TASK STATEMENT -> Take the material below and extract the lines from the one with "Welcome to Tech" through the one with "Ideally three waves", word for word, without pictures.

PROVIDED ENTRIES ->

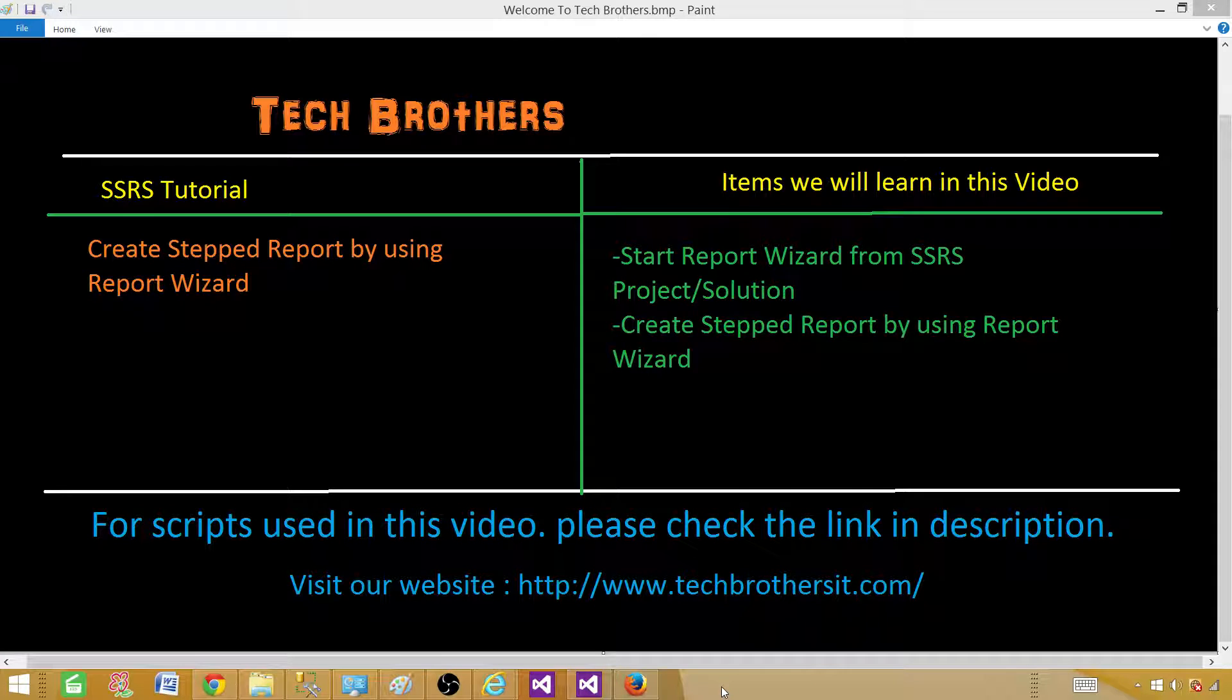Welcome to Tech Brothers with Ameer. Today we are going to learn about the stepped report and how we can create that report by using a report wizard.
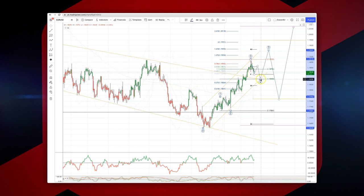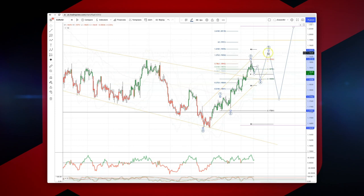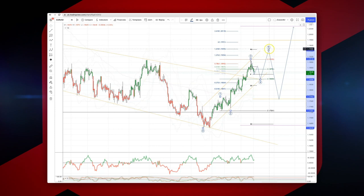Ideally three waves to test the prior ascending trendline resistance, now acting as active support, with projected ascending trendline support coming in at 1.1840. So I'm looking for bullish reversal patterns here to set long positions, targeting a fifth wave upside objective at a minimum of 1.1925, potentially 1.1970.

* * *

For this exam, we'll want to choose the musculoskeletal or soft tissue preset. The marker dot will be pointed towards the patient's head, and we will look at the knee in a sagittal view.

TASK OUTPUT ->
Welcome to Tech Brothers with Ameer. Today we are going to learn about the stepped report and how we can create that report by using a report wizard.
Ideally three waves to test the prior ascending trendline resistance, now acting as active support, with projected ascending trendline support coming in at 1.1840. So I'm looking for bullish reversal patterns here to set long positions, targeting a fifth wave upside objective at a minimum of 1.1925, potentially 1.1970.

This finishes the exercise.